## YOUR INSTRUCTIONS
With the pictures left out, retype exactly the lines below starting at the line that contains "Hey guys and" and ending at the line that contains "To get started".

== PROVIDED INFORMATION

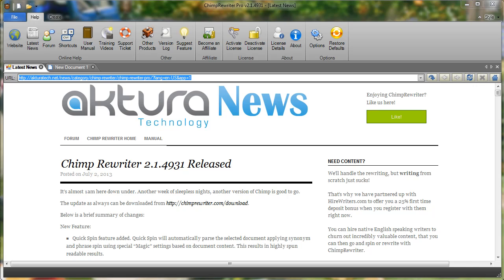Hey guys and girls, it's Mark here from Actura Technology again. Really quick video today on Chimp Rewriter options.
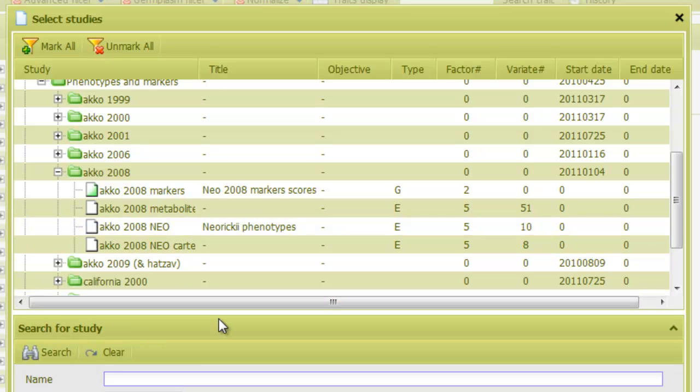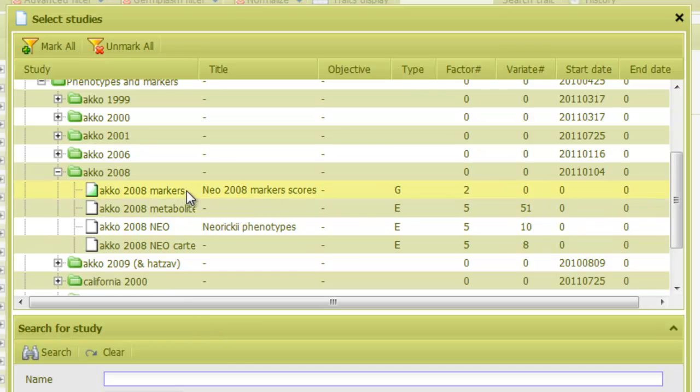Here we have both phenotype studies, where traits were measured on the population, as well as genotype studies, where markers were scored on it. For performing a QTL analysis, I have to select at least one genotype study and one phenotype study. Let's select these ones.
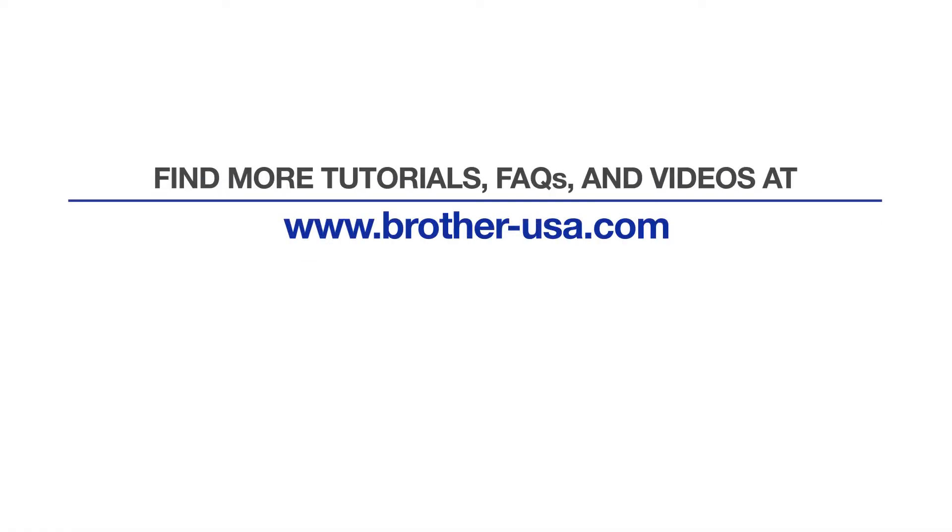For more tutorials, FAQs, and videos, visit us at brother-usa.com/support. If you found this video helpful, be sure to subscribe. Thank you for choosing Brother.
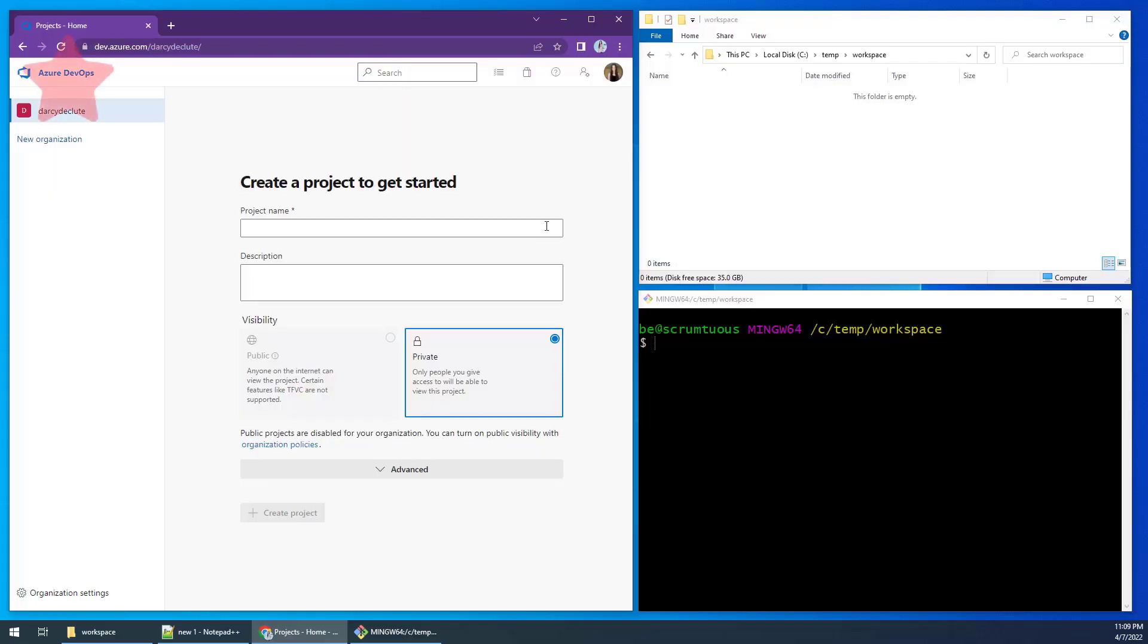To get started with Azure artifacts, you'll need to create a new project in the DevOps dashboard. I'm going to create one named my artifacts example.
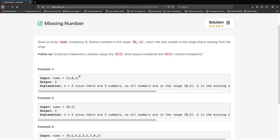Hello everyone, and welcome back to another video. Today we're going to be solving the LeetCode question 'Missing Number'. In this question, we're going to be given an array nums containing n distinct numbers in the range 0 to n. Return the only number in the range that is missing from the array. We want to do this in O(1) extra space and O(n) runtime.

====
== PROVIDED INFORMATION

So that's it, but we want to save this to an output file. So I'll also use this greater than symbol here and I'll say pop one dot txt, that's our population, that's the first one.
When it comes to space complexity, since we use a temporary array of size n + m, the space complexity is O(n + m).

====

## RESPONSE
Hey guys and girls, it's Mark here from Actura Technology again. Really quick video today on Chimp Rewriter options.
Here we have both phenotype studies, where traits were measured on the population, as well as genotype studies, where markers were scored on it. For performing a QTL analysis, I have to select at least one genotype study and one phenotype study. Let's select these ones.
For more tutorials, FAQs, and videos, visit us at brother-usa.com/support. If you found this video helpful, be sure to subscribe. Thank you for choosing Brother.
To get started with Azure artifacts, you'll need to create a new project in the DevOps dashboard. I'm going to create one named my artifacts example.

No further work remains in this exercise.